Glass jar of pine nuts being opened
Photo by Ariel Efron

The Mars Pantry: What Would You Take to a Place Where Nothing Grows?

Next to the “Picnic on Mars” installation, currently on display at Asif, there is an evolving pantry. We asked prominent voices in food and culture, as well as visitors, to add one item they would take with them to Mars – one flavor that reminds them of their home, childhood, family or a place they wouldn’t want to part with. Hedai Offaim, a farmer, recipe writer, and owner of Ofaime in Jerusalem, chose pine nuts. Here, he tells us why.

By Hedai Offaim |

I was born and raised on Mount Carmel amidst soaring and dense pine trees. Their canopies kissed the water tanks and cast their shade all over the yard of our home where I spent my childhood, and their golden pine needles hid the soil, like a sun bursting into thousands of rays of light.

The humble gate at the end of our garden was always open, stretching from the pine grove into the lone tree hill, and then down the ridge, to the sea. At their feet, the cyclamen-adorned limestone rocks, along with a sea of crocus and buttercup flowers, and some oak and carob trees, became my whole world, everything I called “nature.” In my young mind’s eye, this was how the world looked from time immemorial, until we came to destroy it and dress it with concrete and cement. Ancient dinosaurs must have paraded between these trees, while wild monkeys hanged from their branches and a giraffe and a lion hid behind them, just like in the beloved Israeli children story “Mitz Petel.”

Midway to the treetops, the mighty hands of my father made us a treehouse, like a castle moving in the wind. An endless ladder led to this fabulous palace, and I spent most of my time between its walls, surrounded by resilient trees, rather than in our plaster-sprayed brick house. My father also gave me a pocketknife, and I used it to carve work tools and powerful weapons: a slingshot and a pirate sword for fights with the neighbors’ children.

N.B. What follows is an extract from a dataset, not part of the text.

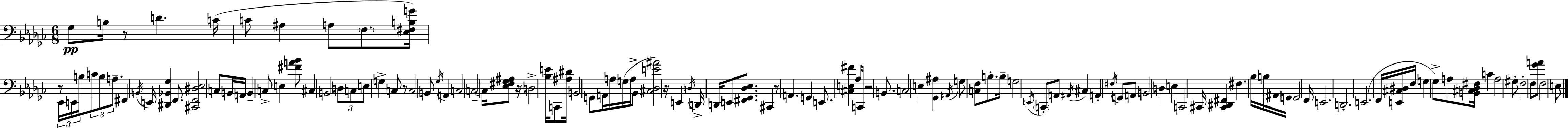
Gb3/e B3/s R/e D4/q. C4/s C4/e A#3/q A3/e F3/e. [Eb3,F#3,B3,G4]/s R/e Eb2/s E2/s B3/s C4/e B3/e A3/e. F#2/q B2/s E2/s [D#2,Bb2,Gb3]/q F2/e. [C#2,F2,D#3,Eb3]/h C3/e B2/s A2/s B2/q C3/e E3/q [F#4,A4,Bb4]/e C#3/q B2/h D3/e C3/e E3/e G3/q C3/e R/e C3/h B2/e Gb3/s A2/q C3/h C3/h C3/s [Eb3,F#3,Gb3,A#3]/e R/s D3/h [Bb3,E4]/s C2/e [A#3,D#4]/s B2/h G2/e A2/s A3/s G3/s A3/s Bb2/e [C#3,Db3,E4,A#4]/h R/s E2/q D3/s D2/s D2/s E2/e [F#2,Gb2,Db3,Eb3]/e. C#2/q R/e A2/q. G2/q E2/e. [C#3,E3,F#4]/q Ab3/s C2/s R/h B2/e. C3/h E3/q [Gb2,A#3]/q A#2/s G3/e [C3,F3]/e B3/e. B3/s G3/h E2/s C2/e A2/e A#2/s C#3/q A2/q F#3/s G2/e A2/e B2/h D3/q E3/q C2/h C#2/s [C#2,D#2,F#2]/q F#3/q. Bb3/s B3/s A#2/s G2/s G2/h F2/s E2/h. D2/h. E2/h. F2/s [E2,C#3,D#3]/s F3/s G3/q Gb3/e A3/e [B2,C#3,Db3,F#3]/s C4/q A3/h G#3/e F3/h F3/e [Gb4,A4]/e F3/h E3/e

During breaks from our explorations and when the fierce battles ceased, my siblings and I would sit on a rock or the floor of our treehouse, and each of us would pull out their booty: pine nuts in their shells that colored our tender hands when we collected them from between the pines. Each one of us had his own flat stone or a broken tile to crack them open. At first, we ate a mouthful, then we started collecting them into a common bowl, zealously storing each seed, accumulating the golden seeds as if they were a royal treasure. When darkness fell, we would climb the stairs back home and deliver the precious booty to our mother, so she could add it to our dinner omelet or rice. Mom would collect her fee, then prepare the evening’s stew, pouring it into the old tin plate that we carried back to our home on the tree.

Photo by Ariel Efron

I am not sure whether my rich imagination and the many books I was reading at the time are to blame, or perhaps the memory of the Holocaust and the primeval survival inherited from my father, but I spent my childhood thinking up ways to survive when we are back in nature, after this illusion of having a stone house, a car, and a supermarket within reach is gone. How will we build shelters and homes, what will we use to make clothes, and most importantly, what will we eat? Underneath those pines I learned to hunt for pine mushrooms, to eat white chive blossoms, to spot za’atar and sage, but I was mostly fascinated by pine nuts. As long as pine trees shaded me, I knew I would have food to eat, and new trees would rise and grow from the seeds I had left behind, to provide me with food and shelter.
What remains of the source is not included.